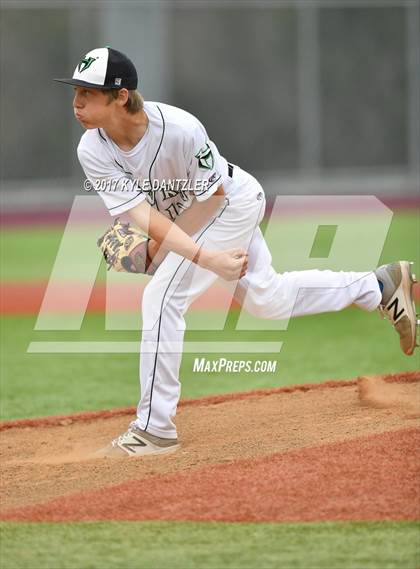 Thumbnail 3 in Iowa Park @ Bowie (Walker Stallcup Tournament) photogallery.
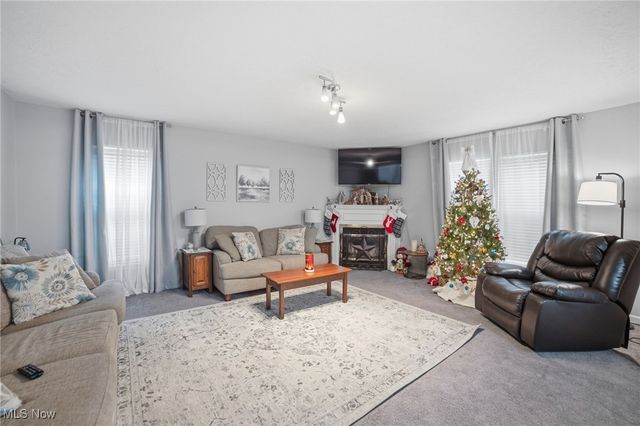 2279 Becket Circle, Stow, OH 44224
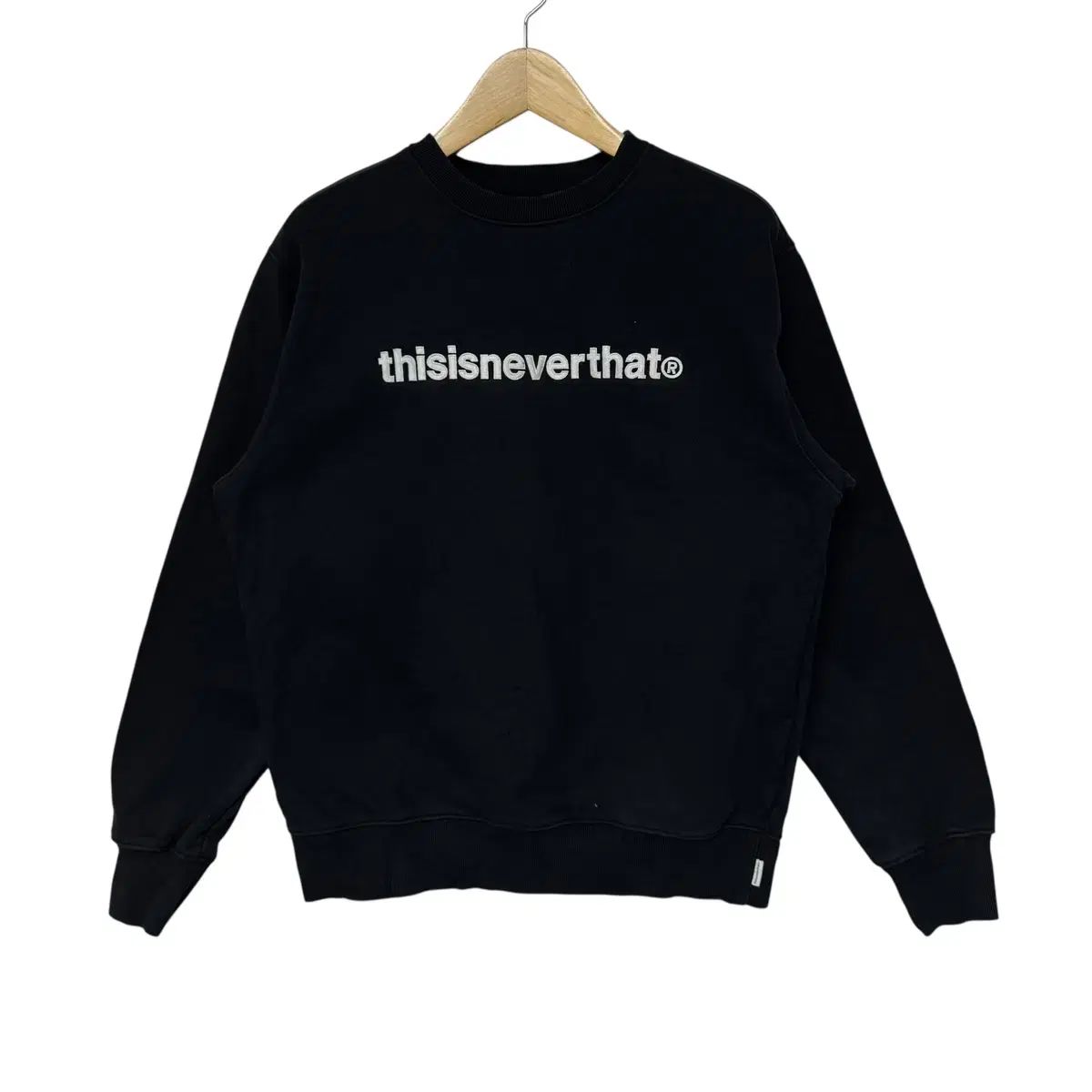 thisisneverthat(ディスイズネバーザット) 刺繍ロゴ パーカー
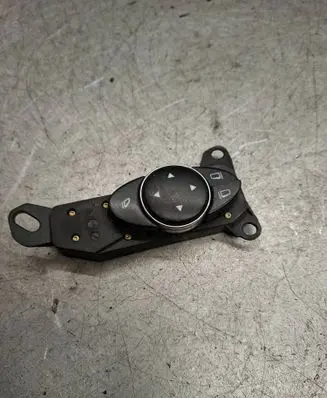 Mercedes-Benz E W211 Wing mirror switch 2118208510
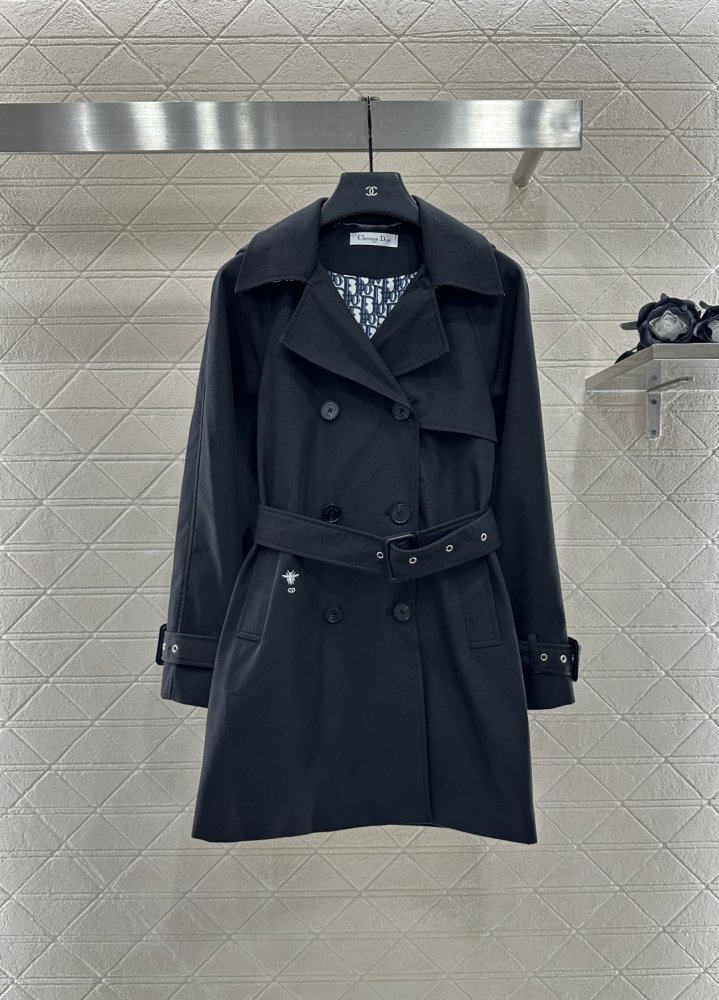 Тренчкот з поясом і вилогами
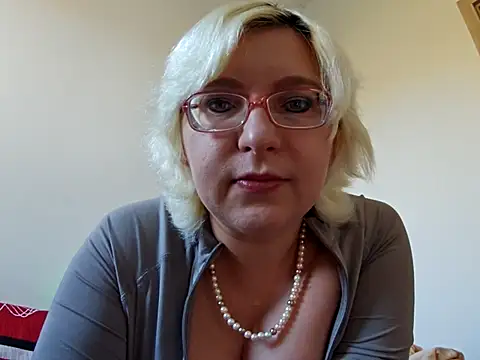 VikaKing online show from 11/06/25, 10:08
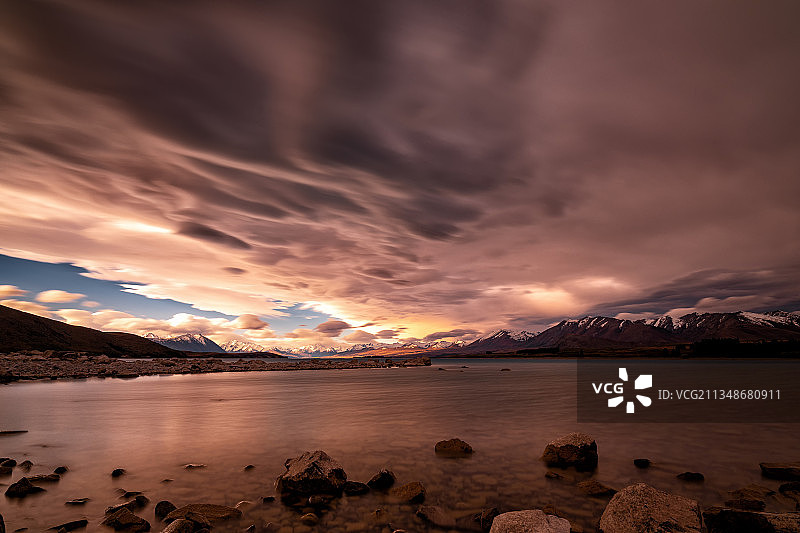 蒂卡波湖畔图片素材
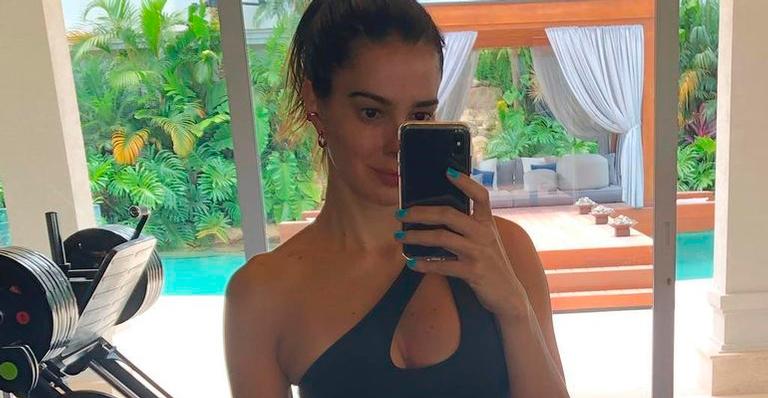 Esposa de Rodrigo Faro, Vera Viel exibe barriga sequinha e cintura fina: “Mãezona”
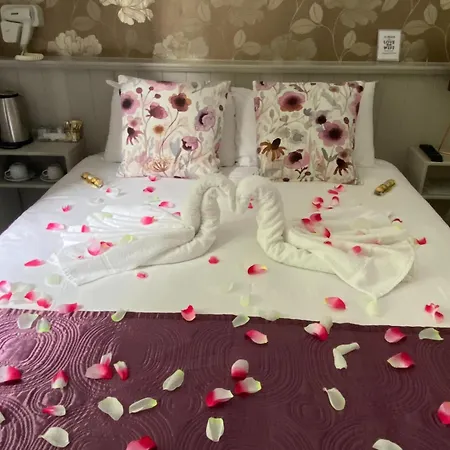 The Town House Hotel-3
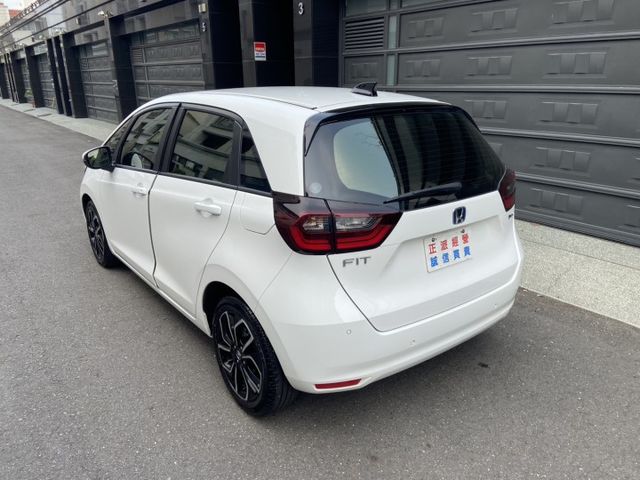 2025新款油電FIT 超級省油 原廠保固中 原鈑件 跟新車只有價差 可車換車 全額貸款  第19張相片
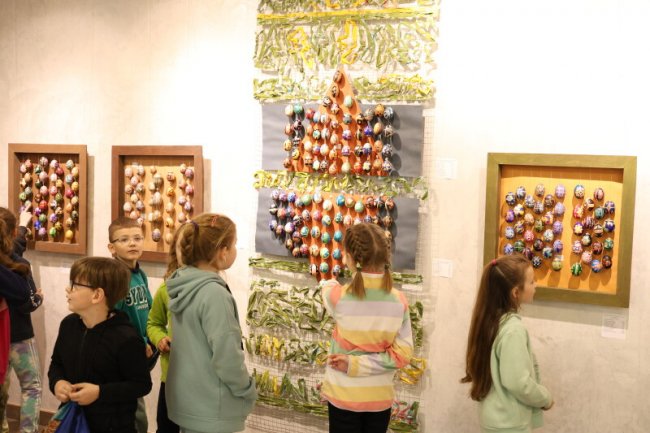 На виставці у Луцьку представили понад тисячу писанок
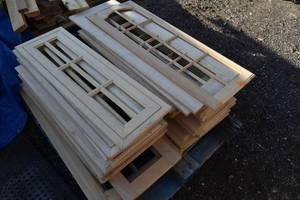 lot 78 image: 24) 6 &amp 8 light door panels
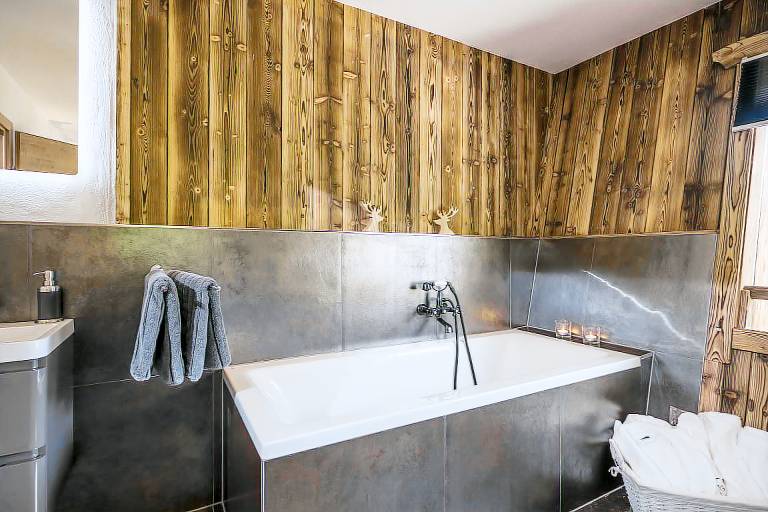 Family-friendly lovely apartment with patio, sauna & barbeque | Pets allowed — photo 3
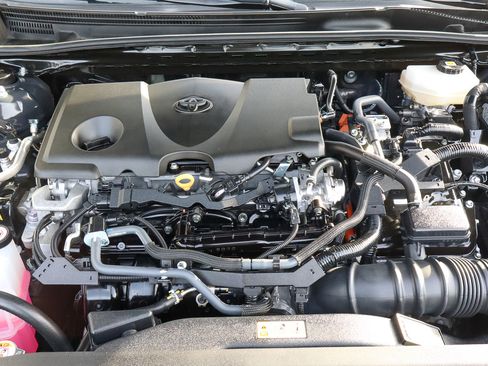 Used 2025 Toyota Camry SE image 18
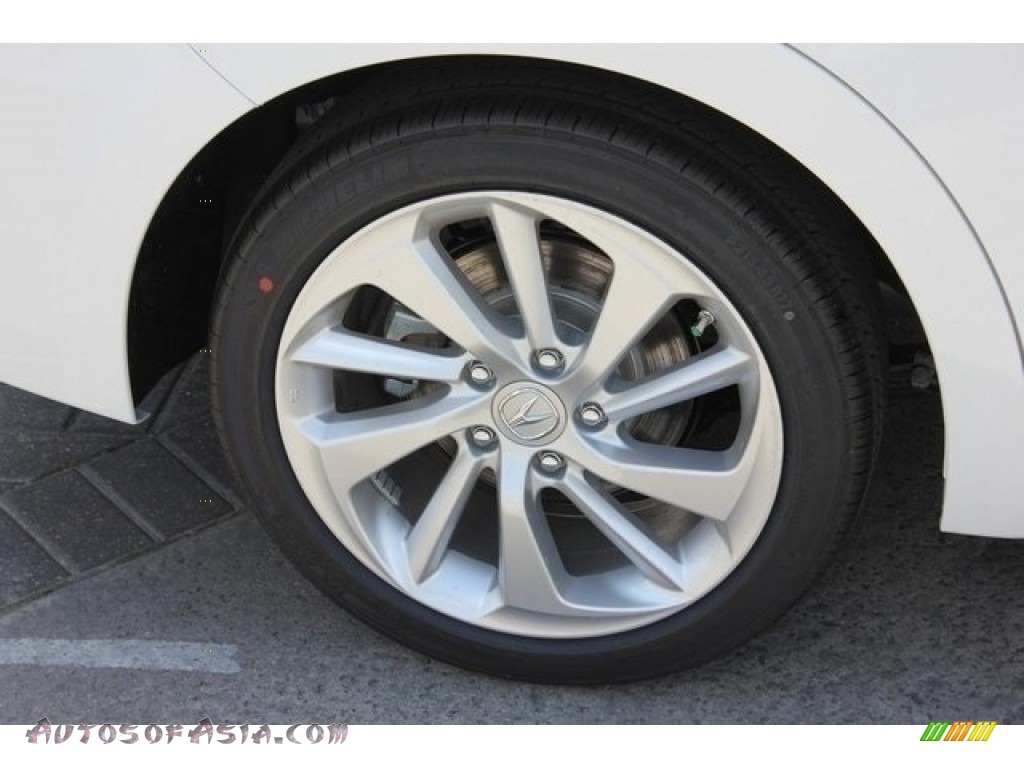 2018 ILX Premium - Bellanova White Pearl / Parchment photo #11 2018 ILX Premium - Bellanova White Pearl / Parchment photo #11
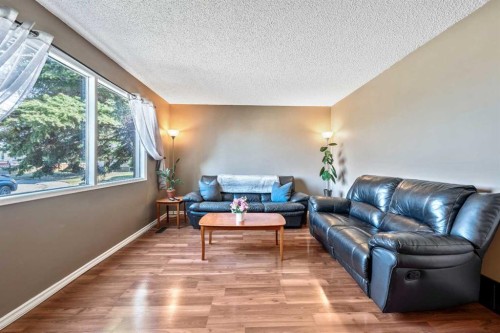 120 Pennsburg Way Se, Calgary, AB 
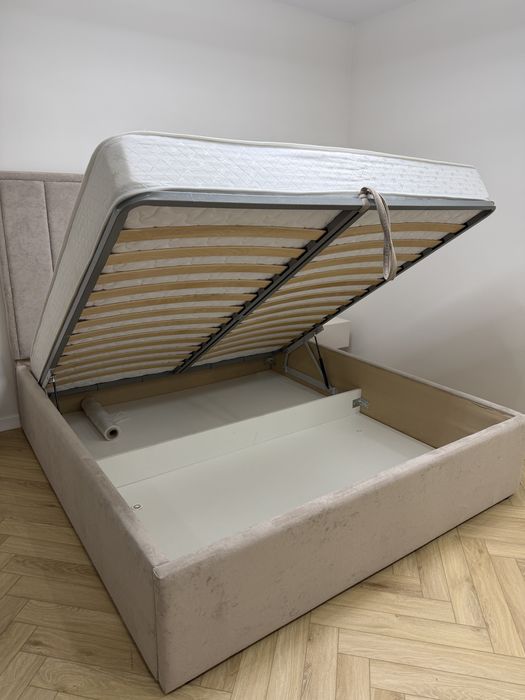 Кровать новая с матрасом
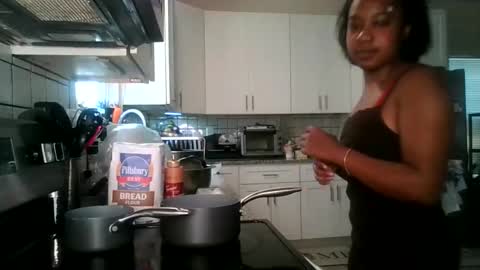 Brownsuagrcutie online show from November 28, 8:27 pm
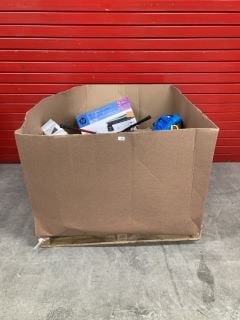 PALLET OF ITEMS INC HP PRINTER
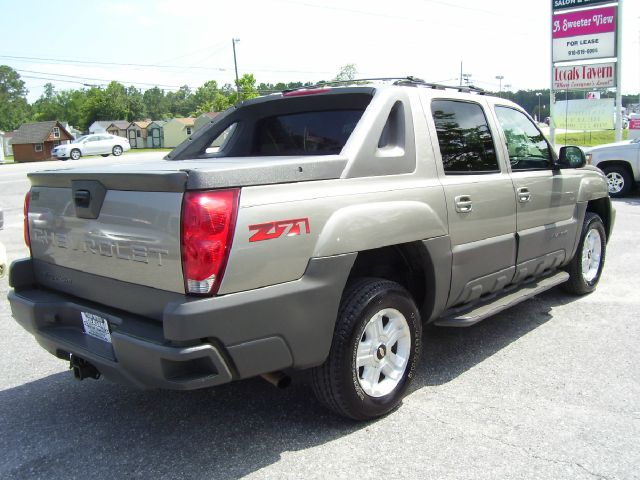 Chevrolet Avalanche C350 4dr Sdn 3.5L Sport RWD Sedan Pickup Truck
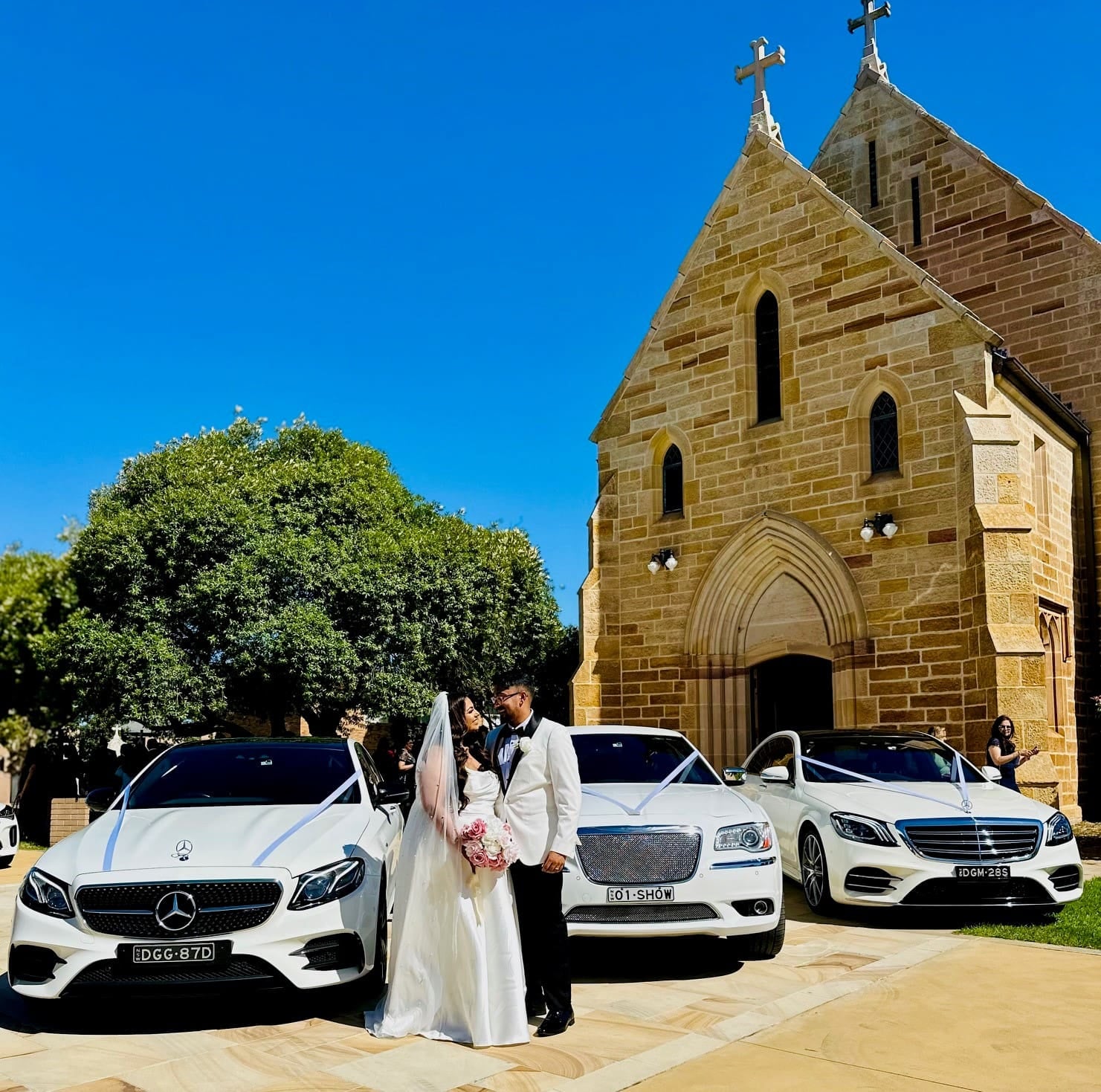Chrysler limo and mercedes sedans wedding — Show Limousines
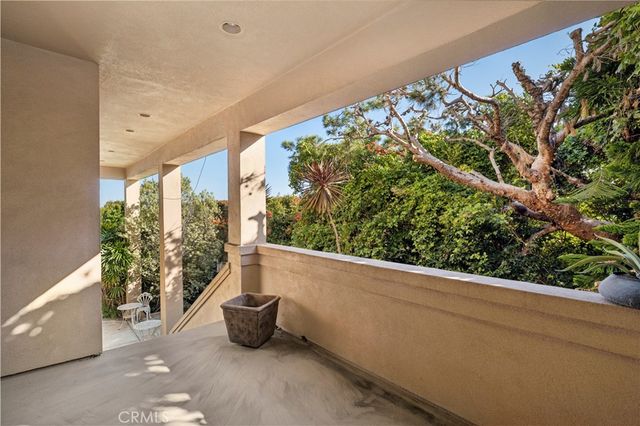 10 N. Stonington Road, Laguna Beach, CA 92651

^^^^

WHAT THE TASK ASKS -> Everything in the data except the pictures must appear in your answer unchanged.

RESULT OF THE TASK ->
 Thumbnail 3 in Iowa Park @ Bowie (Walker Stallcup Tournament) photogallery.
 2279 Becket Circle, Stow, OH 44224
 thisisneverthat(ディスイズネバーザット) 刺繍ロゴ パーカー
 Mercedes-Benz E W211 Wing mirror switch 2118208510
 Тренчкот з поясом і вилогами
 VikaKing online show from 11/06/25, 10:08
 蒂卡波湖畔图片素材
 Esposa de Rodrigo Faro, Vera Viel exibe barriga sequinha e cintura fina: “Mãezona”
 The Town House Hotel-3
 2025新款油電FIT 超級省油 原廠保固中 原鈑件 跟新車只有價差 可車換車 全額貸款  第19張相片
 На виставці у Луцьку представили понад тисячу писанок
 lot 78 image: 24) 6 &amp 8 light door panels
 Family-friendly lovely apartment with patio, sauna & barbeque | Pets allowed — photo 3
 Used 2025 Toyota Camry SE image 18
 2018 ILX Premium - Bellanova White Pearl / Parchment photo #11 2018 ILX Premium - Bellanova White Pearl / Parchment photo #11
 120 Pennsburg Way Se, Calgary, AB 
 Кровать новая с матрасом
 Brownsuagrcutie online show from November 28, 8:27 pm
 PALLET OF ITEMS INC HP PRINTER
 Chevrolet Avalanche C350 4dr Sdn 3.5L Sport RWD Sedan Pickup Truck
Chrysler limo and mercedes sedans wedding — Show Limousines
 10 N. Stonington Road, Laguna Beach, CA 92651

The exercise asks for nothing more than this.